I pedaled five miles down the road towards the moon until dark and slipped into a little gulley beside a corn field and behind a cluster of trees.  An hour later when I was eating my second bowl of ramen and creamed corn I heard a car stop along the road and then saw a bright spot light trying to penetrate the trees.  I opened my tent door for a better look.  There were actually two cars.  Then I heard a voice shouting, "Is anybody down there?"  They hadn't actually spotted me, but evidently I had been reported.  The officers seemed reluctant to approach me, so I climbed up to the road to face the consequences.

"I'm traveling by bicycle," I explained.

"We know," the young, non-threatening officers responded.  "We've had a couple of reports on you.  We heard you were at the Casey's in Bedford.  People around here are suspicious of strangers. A hitch-hiker passing through here a couple years ago shot some people. Do you have any ID?"

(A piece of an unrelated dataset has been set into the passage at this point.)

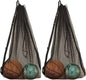 Heavy Duty Football Net Bag (10-12 Balls) Basketball Tennis Bag for Coaches Football Ball Bag Net Extra Large Mesh Drawstring Bag (Bar Strap No Pocket, 2)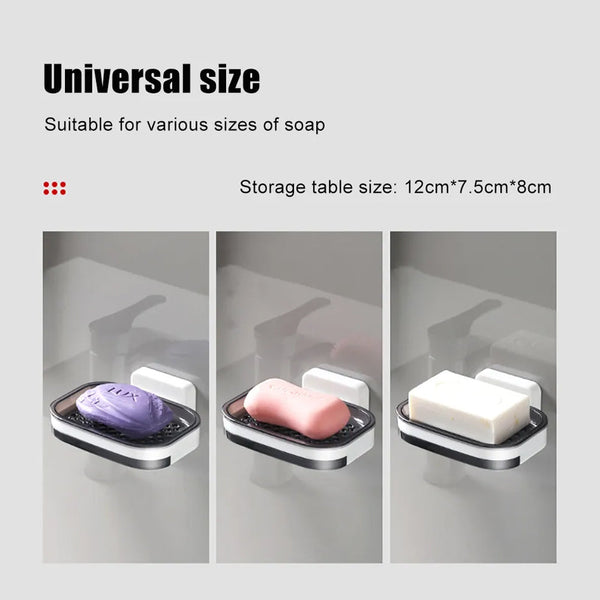 Portable Soap Holder Wall Storage Rack Organizer Bathroom Accessories Double Layer Holder Soap Dishes & Dispensers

I had it at the ready.  As I handed it over I asked, "Do you know how the Bears did today?"

"They we're losing 3-0 at the half."

"Could you ask how the game ended when you call in my license?"

While one officer retreated to his car the other said, "Keep your hands out of your pockets if you would."

"What's the story on the hitch-hiker?" I asked. 

"He was an escaped convict from the Clarinda Correctional Facility.  He broke into somebody's house and got their guns and used them.  He actually shot my partner in the shoulder."

We had the eclipsing moon to watch while we waited the verdict on whether I was wanted.  The officer left with me said he thought it would be cool to ride one's bike across the country.  He hadn't ridden RAGBRAI, but had many friends who had and knew he'd do it one of these years.  When I told him I went to Bedford to see its Carnegie, he said his partner's wife was the librarian there and she was busy getting ready for its 100th anniverary next year.

When the other officer returned he said, "They lost 26-0.  You're clear."  Then he told his partner they had a domestic dispute to tend to.

"Sorry to put you guys out," I said.

"That's okay.  Have a good night."

During the interlude the moon had nearly disappeared. I saw much more of it than if I had been in my tent.  

I'm getting used to being checked out by the police.  Last year it happened five times in five states--Alabama, Michigan, Colorado, Illinois and Indiana.  Like finding neckerchiefs, bungee cords and license plates along the road, its not an official tour until my driver's license has been called in.  I just wonder how more frequent it would be if I were another color or wore a turban.